On 20 October, the brigade was given a new mission, this time on the southern front. "Two days earlier, on Thursday, October 18, we were still marking Simchat Torah evening at the Saar camp in the Golan Heights," recalls Levi Givon, the battalion's patrol company sergeant. "On Friday, I went home for my first vacation on my kibbutz, Tirat Tzvi. I arrived dirty and unshaven and I remember coming to see my daughter, who was in kindergarten at the time, and she said, 'Daddy, get out of here with this 'mahrog.' She meant the rifle. I don't understand how this word came to mind for a 3 year old girl.
"On Shabbat, the phone rang, like on Yom Kippur, and again no one picked up. We are a religious kibbutz. On Saturday night, I returned to the Saar camp, and the Shag Gan gave me a note from Hagai Shefer, our company commander, who was also from my kibbutz. He wrote, 'We're going to Sinai with 25 tanks, we're on the kibbutz.'
"I got in the jeep, went back to the kibbutz and at 4 a.m. we left for Rafah and from there to Refidim. They sent us to join the 252nd Brigade and reinforce the forces in the battles for Suez.
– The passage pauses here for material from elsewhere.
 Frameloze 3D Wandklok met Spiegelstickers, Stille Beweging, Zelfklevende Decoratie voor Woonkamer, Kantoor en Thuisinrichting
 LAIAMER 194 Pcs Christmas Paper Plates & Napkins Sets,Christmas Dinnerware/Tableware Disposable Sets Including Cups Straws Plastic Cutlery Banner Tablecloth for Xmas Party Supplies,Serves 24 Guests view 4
"When we got to Refidim, an adjutant officer called me and told me that Shimon, Hagai's brother, our company commander, had been killed in the war, but he told Hagai that his brother was missing. Hagai asked Ran, the brigade commander, to go look for his brother, so I took command of the company.
"We advanced towards the canal and crossed it on the Galilee Bridge on Monday, just before 4 p.m., when the first ceasefire was supposed to go into effect. My driver told me, 'Let's hurry up, there'll be heavy fire here,' and a few kilometers after we passed, we looked back and the Egyptians dropped heavy artillery on the bridge, really inferno.
The brigade's reconnaissance company crosses the canal, photo: Amnon Lahav
"We joined the division forces and bypassed Suez from west to south, in order to cut Suez off from the possibility of reinforcements from the west, from Cairo. We made this move on Tuesday afternoon and thousands - I didn't say dozens, not hundreds - thousands of Egyptians raise their hands and chant 'moya, moya', 'water, water'. We told them, 'Go west,' they had no desire to fight."
Levi Givon: "We crossed the canal just before the first ceasefire. The driver told me, 'Hurry up, there'll be fire here.' A few kilometers after we passed, the Egyptians dropped heavy artillery on the bridge, literally an inferno."
The brigade's 25 tanks, together with Brigade Commander Sarig and Battalion Commander Arieli, also crossed the Galilee Bridge and crossed to Africa. They joined the 252nd Division in efforts to encircle the Egyptian Third Army. After crossing the Suez Canal, turn south and conquer the airfield as an alliance.
On 23 October, the brigade attacked an Egyptian compound with missile bases, and at night continued south, together with the 401st Brigade under the command of Dan Shomron, later the IDF Chief of Staff, towards Adabiya. The two brigades attacked the ports of Adabia and Atqa west of Suez. On 24 October, the brigade returned north and took the Suez–Cairo road. The brigade's tanks advanced to the 101st kilometer from Cairo, and the ceasefire went into effect that day. The war, in which the 179th Brigade had lost eighty-four of its men, was over.